EXERCISE DATA ::
|---|

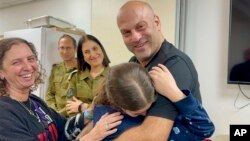 2023年11月26日星期日,被释放的人质希拉·罗特姆-肖沙尼在以色列与她的叔叔团聚。 (以色列陆军提供图片,美联社转发)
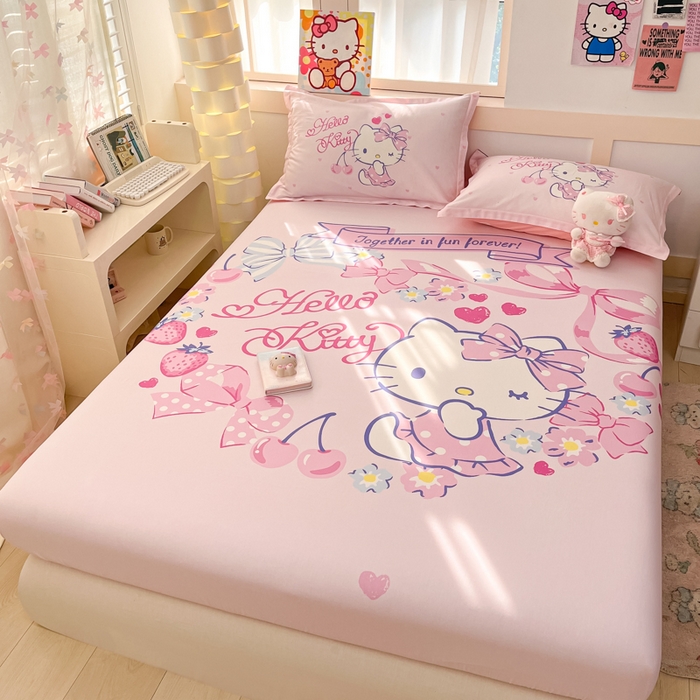 91家纺网 家纺一手货源 找家纺 博雅 2025新款三丽鸥全棉大版床笠-第二批 草莓KT猫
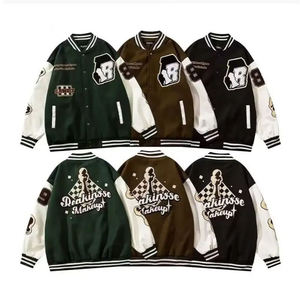 Chaqueta Varsity para Hombre con Parches Bordados, Ropa de Invierno, Logotipo Bordado Personalizado, Chaqueta Bomber de Cuero - Product Image 5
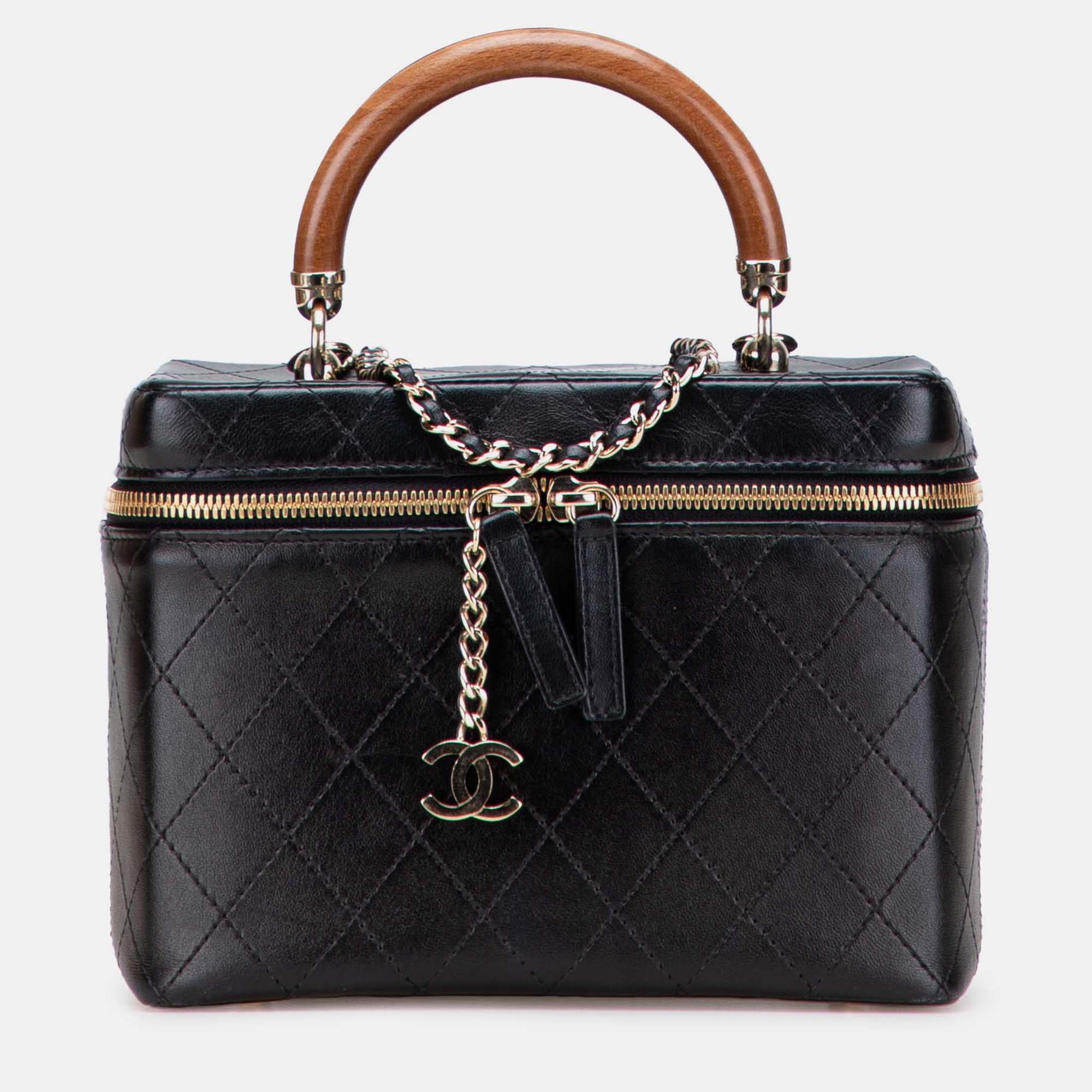 

Chanel Black Large Quilted Lambskin Knock On Wood Vanity Case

|---|

WHAT YOU WILL DO ::
Return all of the data exactly as written, and drop the pictures.

TASK ANSWER ::
 2023年11月26日星期日,被释放的人质希拉·罗特姆-肖沙尼在以色列与她的叔叔团聚。 (以色列陆军提供图片,美联社转发)
 91家纺网 家纺一手货源 找家纺 博雅 2025新款三丽鸥全棉大版床笠-第二批 草莓KT猫
 Chaqueta Varsity para Hombre con Parches Bordados, Ropa de Invierno, Logotipo Bordado Personalizado, Chaqueta Bomber de Cuero - Product Image 5

Chanel Black Large Quilted Lambskin Knock On Wood Vanity Case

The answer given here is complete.